ISLAMABAD: The US embassy in Islamabad will close its doors and shut its consulates in Pakistan on Friday because of o
Published March 17, 2011

ISLAMABAD: The US embassy in Islamabad will close its doors and shut its consulates in Pakistan on Friday because of ongoing protests after the release of a CIA contractor accused of double murder.

Small demonstrations have broken out across the country after American Raymond Davis, who shot dead two men in Lahore in January, was set free Wednesday after paying $2 million in blood money to the families of the dead.

"The US embassy and consulates will be closed for routine business tomorrow," embassy spokesman Alberto Rodriguez said on Thursday.

The decision was made "for public safety at large because there may be demonstrations tomorrow".

The biggest protest was in Lahore, where some 800 students rallied at Punjab University campus chanting anti-US slogans such as "Death to America".

Security was tightened at the US consulate in Lahore, with several roads near the building blocked with barbed wire and concrete slabs.

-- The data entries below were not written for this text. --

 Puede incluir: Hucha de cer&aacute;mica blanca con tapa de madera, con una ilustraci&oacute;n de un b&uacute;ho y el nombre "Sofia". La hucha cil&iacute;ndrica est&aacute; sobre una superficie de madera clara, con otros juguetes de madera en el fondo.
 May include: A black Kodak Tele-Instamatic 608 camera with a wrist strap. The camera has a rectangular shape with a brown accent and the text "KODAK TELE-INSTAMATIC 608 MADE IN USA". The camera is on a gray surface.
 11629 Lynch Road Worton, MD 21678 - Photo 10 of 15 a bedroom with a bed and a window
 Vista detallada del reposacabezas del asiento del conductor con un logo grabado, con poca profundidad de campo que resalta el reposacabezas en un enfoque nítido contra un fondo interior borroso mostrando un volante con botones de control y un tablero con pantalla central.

The other US consulates are in Karachi and the northwestern city of Peshawar.

In Peshawar, police used teargas and beat back about 100 students trying to block a main road outside the city university, arresting nine students, senior police official Mohammad Ijaz told AFP.

Some demonstrators threw stones while others burned an effigy of Davis.

About 300 people also rallied in the central city of Multan and token protests were held in the capital Islamabad.

The shooting, which Davis said was in self-defence, sparked protests and ruptured fragile ties with the United States, which said that Davis enjoyed full diplomatic immunity from prosecution and pressed for his release.

Islamabad had been under domestic pressure to stand up to its superpower ally and try Davis for murder, but authorities let him go following a lengthy court hearing on Wednesday at the Lahore jail where Davis was detained.

The families of the two dead men who received blood money, or "diyat", which is legal under Pakistani law and conforms to Islamic sharia law, disappeared following the decision, one cousin and another neighbour told AFP.

"For two days we've have no contact with them. They have locked their house and disappeared," said Mukhtar Ahmad, a cousin of Faizan Haider, one of the two men shot dead by Davis.

"Nobody knows where they have gone. We don't even know if they're in Pakistan." Siddique Ahmad, a neighbour of Mohammad Faheem, the second man killed, said: "We do not know where they have been moved to. They were living here in a small rented house, they were poor people."

US Secretary of State Hillary Clinton has said the United States is "very grateful" for the family pardon.

She reaffirmed that a US investigation had been launched into the incident on January 27.

"And we have communicated our strong support for the relationship between Pakistan and the United States, which we consider to be of strategic importance," she said.